Monday, December 10, 2007

Oh, Potatoes!

I have a new favorite recipe for potatoes. Forget the roasted baby reds, leave the mashed pots on your plate, and say goodbye to homemade fries. This one takes the cake. This one is so good it practically is cake. And it's extraordinarily simple. Wonderfully simple. You won't even need to write it down, as long as you can just remember the liquid to pound-of-potato ratio. And then you can resize it any way you want. But the reason this is my favorite potato recipe has nothing to do with its simplicity: it's because it tastes so good.

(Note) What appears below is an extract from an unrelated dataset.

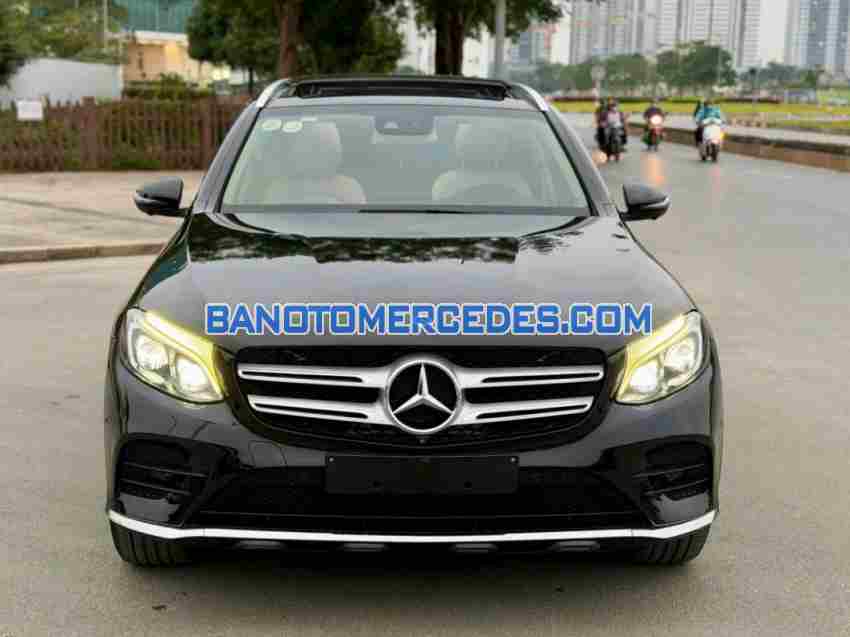 Cần bán gấp Mercedes Benz GLC 300 4Matic 2018 - Xe đẹp - Giá tốt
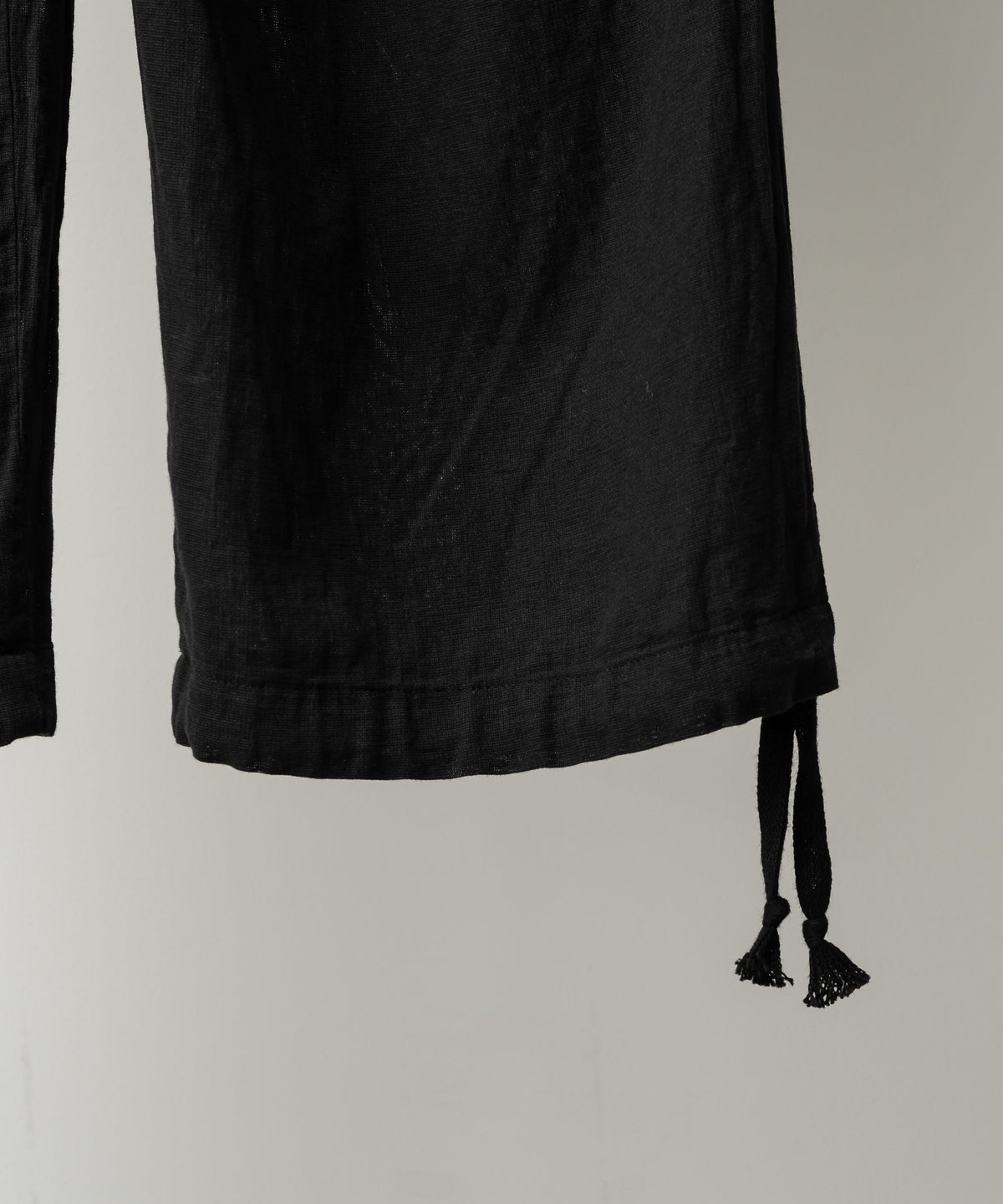 KNEE TUCK PANTS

What makes a potato dish (yes, I said "dish", because this is sort of after the order of a casserole) exceptional? It needs to be rich without knocking you over. It shouldn't feel greasy. The potatoes need to be cooked properly. It needs to be salted perfectly. And it should have some slight - very slight, since potatoes are easily overpowered - flourish in the ingredients that adds a touch of complexity to the flavor. Check, check, check, check, check. I'm not a potato person, but I'll back these potatoes up. And, since they're casserole-style, they're great for the holidays, guests, or anytime you're hoping for some leftovers. While they are delicious, since they're also quite rich, I would count on about half a pound of potatoes for each hungry adult.

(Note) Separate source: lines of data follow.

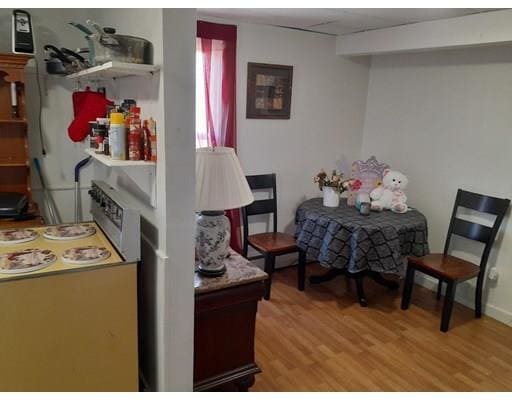 Building Photo - 16 Maple St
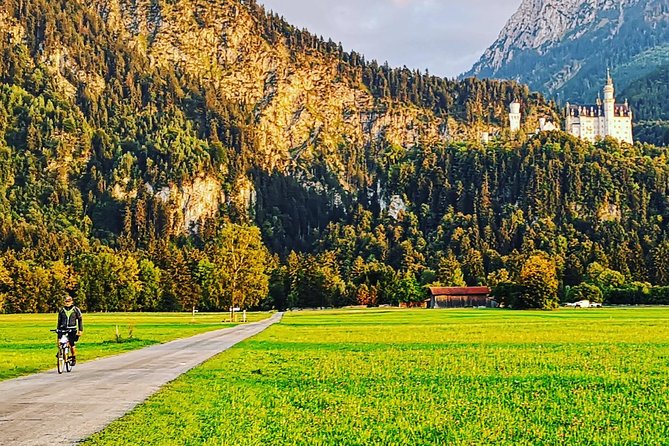 Neuschwanstein Castle by Bus Incl. Bike Ride or Hohenschwangau - How Much Walking and Cycling Should You Expect?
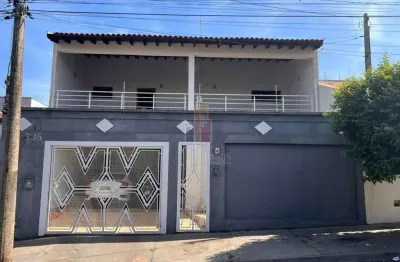 Espaçoso sobrado com 3 suítes, área gourmet e 2 vagas cobertas no jardim silvestre!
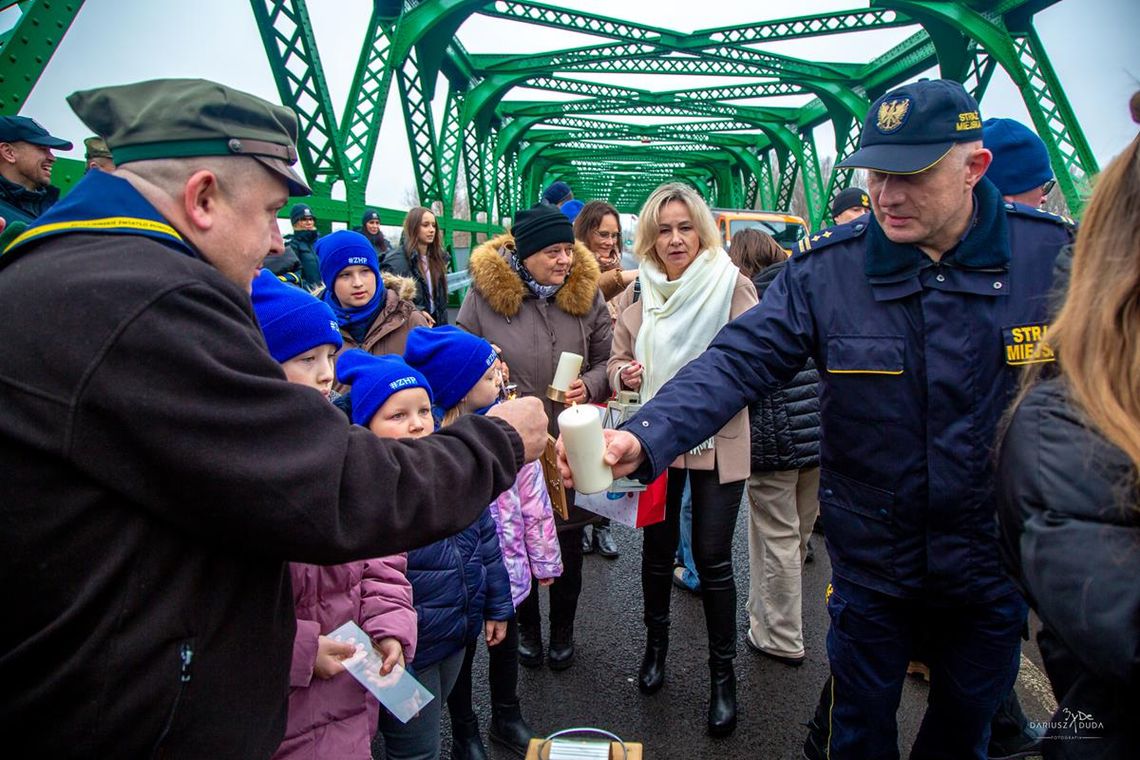 Przekazanie Betlejemskiego Światła Pokoju na moście w Zosinie.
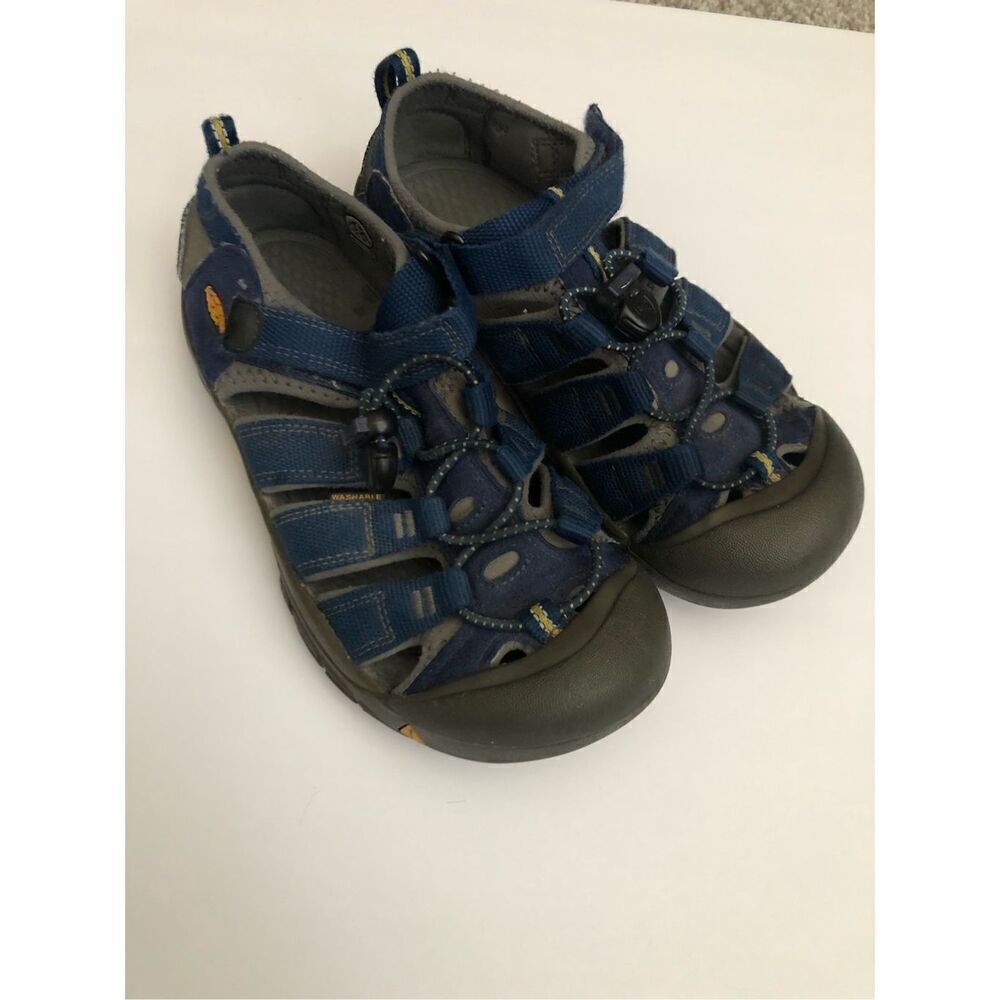 Keen Kids Newport H2 Closed Toe Water Sandals Size 4
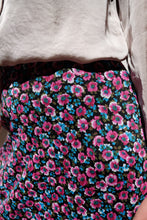Carica l&#39;immagine nel visualizzatore di Gallery, SAIGON midi skirt flower fucsia
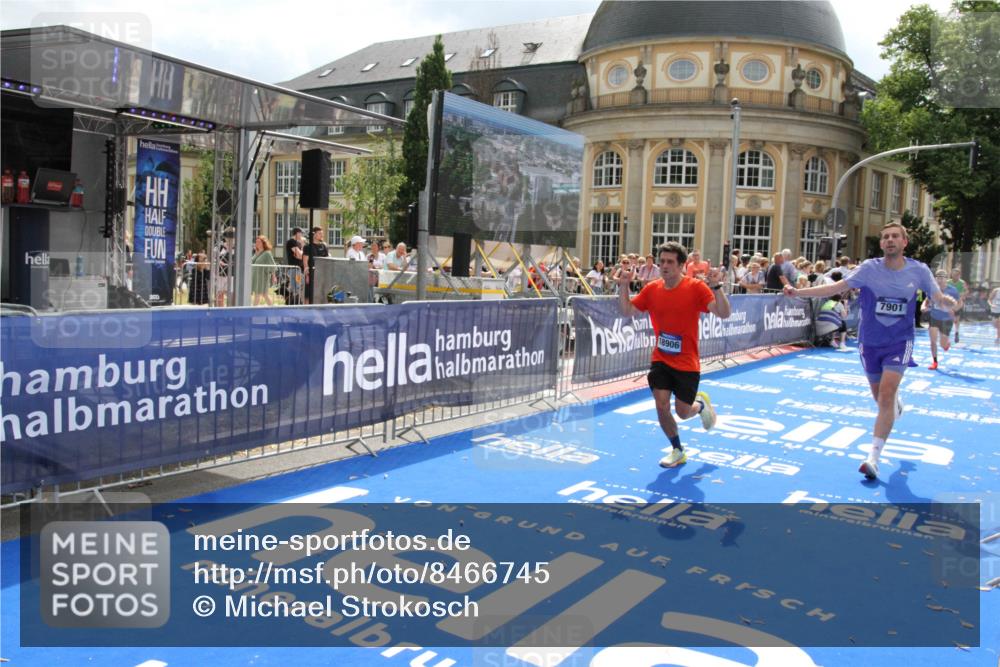 29.06.2025 - hella hamburg halbmarathon Michael Strokosch http://msf.ph/oto/8466745 29.06.2025 10:34:18 Ziel 1080, 3005, 7884, 7901, 14784, 18906 meine-sportfotos.de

One last note: this is a great recipe if you have a food processor or a mandolin, but I probably wouldn't do it without those options, unless you're just going for a pound or so of potatoes, as it could turn out to be a lot of work.

Potato Gratin

4 lbs. Yukon Gold potatoes (Russets should also be fine if Yukons are unavailable)
2 c. milk
2 c. cream
2 large cloves garlic, minced
1/2 lb. Gruyère, grated
Kosher salt
freshly ground black pepper

Butter a 9" x 13" baking dish and set aside.

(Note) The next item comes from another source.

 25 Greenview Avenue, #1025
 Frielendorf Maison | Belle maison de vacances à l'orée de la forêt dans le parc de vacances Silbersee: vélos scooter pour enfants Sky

Peel the potatoes, then slice them as thin as possible. I think my food processor's thinnest disc had a 1/8" slicer, and that worked out very nicely for me. If you're doing this by hand, go for 1/4".

Preheat the oven to 350°F. (This is versatile, so if you've got something else going at 400°, that's fine, too.)

In a large saucepan or pot, set the milk, cream, garlic, and potatoes over medium heat for about 5 minutes, watching it very closely, stirring often, and being sure to get all of the potato slices separated. After the liquid is starting to warm, turn the heat to medium-low, put a lid on it, and return to it to stir it about every 30 seconds. The milk, cream, and potatoes are all very anxious to burn and I promise you they will not miss their opportunity to ruin your evening if you are not extremely cautious. Also, add a few turns of pepper and a teaspoon or so of salt (to taste).

After the mixture is actually simmering, cook the potatoes, still stirring very frequently, until they mostly done but still a bit undercooked. This will take (after it begins to simmer) anywhere from 10 to 25 minutes, depending on how low you have your burner set (I erred on the side of caution tonight, just to be sure, and I was very happy with the results). Test again for salt.

Turn the potatoes out into the baking dish and spread the cheese evenly over the potatoes. Bake until bubbly and nicely browned, about 30 minutes. Let them set 10-15 minutes before serving.